Brands will need to express value in story form for us, and in structured proof for the agent. Emotion to win attention. Evidence to win the transaction.

Stories + evidence: how to market to both humans and AI agents

That duality, emotion and evidence, will define the next era of marketing. Craft will still matter. Creativity will still matter. But underneath the storytelling, brands will need to be structurally coherent, values-aligned and radically transparent because AI agents will reward those that are. At WPP we’re already doing this by informing and testing our campaigns with reference to both human and agentic audiences. This makes sure we’re resonating emotionally with customers but also backing the brand promise with the hard evidence an agent will be looking for.

Beyond shoring up their values, preparing for the agent-driven commerce era will also require brands to:

• Optimise for agent experience (AX): Can an agent easily parse your product information? Can it validate your pricing, availability or terms without human intervention? The smoother the AX, the more likely an agent is to recommend or transact with your brand.

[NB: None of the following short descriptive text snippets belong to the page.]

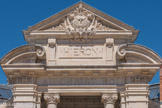 Le musée du Hiéron.<br> La façade monumentale est marquée d'une iconographie chrétienne : le fronton présente parmi un ensemble de symboles, la tiare papale à la clef de voûte at la colombe de l'Esprit-Saint en son centre. Quant aux chapiteaux d'influence corinthienne, ils portent le chrisme du Christ, formé par l'imbrication de ses deux premières lettres grecques “chi” et “rhô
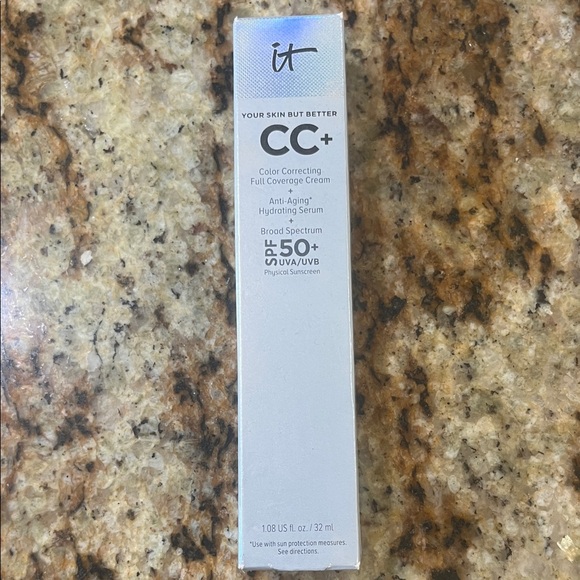 IT Cosmetics CC+ Cream with SPF 50+ - Picture 1 of 3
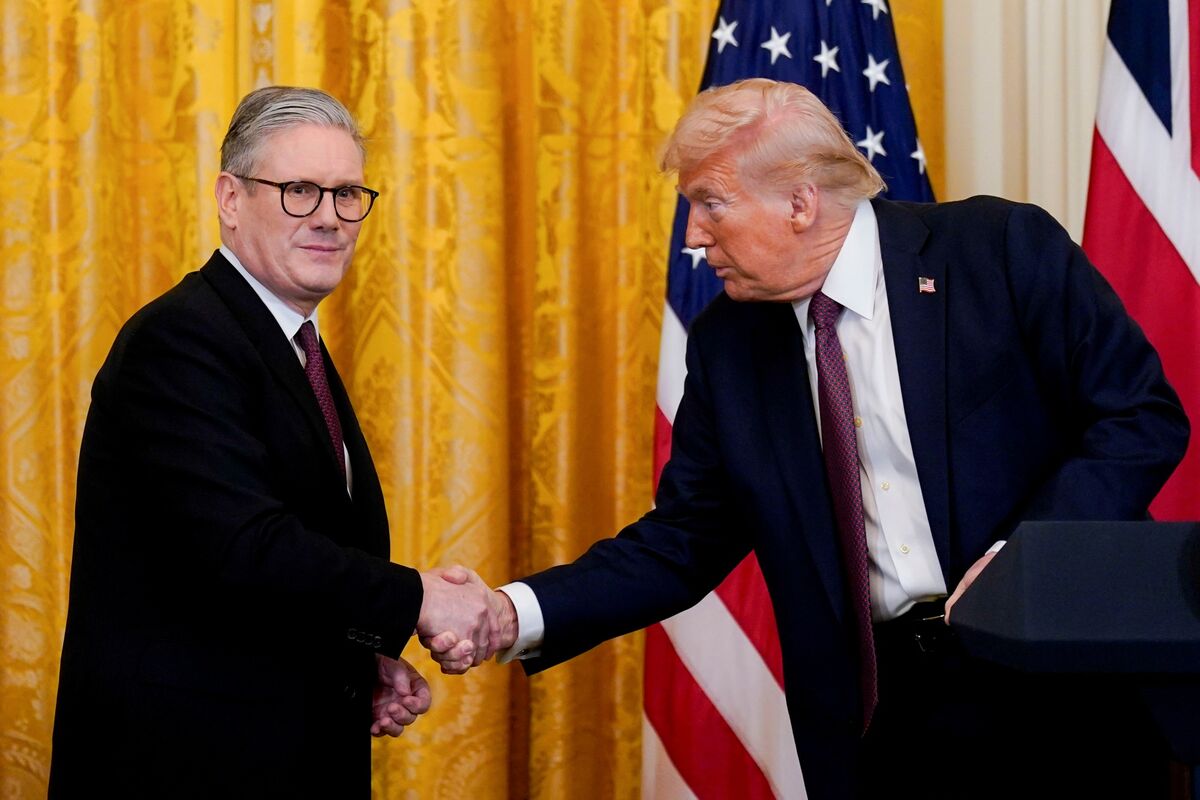 🟪"Keir Starmer e la Ristrutturazione della Difesa: Un Messaggio Chiaro a Trump e Putin"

• Engage with agents as channels: Agents will be embedded in web browsers, operating systems, productivity suites and vertical-specific tools. Marketers should treat these integrations as strategic channels, ensuring their brand is the most agent-friendly option in the market.

• Prioritise third-party validation: Agents will be able to triangulate and validate claims across many sources and independent verification will carry more weight than self-promotion. Cultivating reviews, mentions in trusted sources and inclusion in recognised datasets will matter more than ever.

The mindset shift marketers need

This is not a minor tactical adjustment. It is a philosophical one. Marketing can no longer be the glossy surface of the organisation; it must become the connective tissue between what the company believes, what it delivers and what it can prove.

The question for marketers who want to drive growth in this next era of agentic commerce is simple: When an agent is choosing on behalf of your customer, why will it choose you?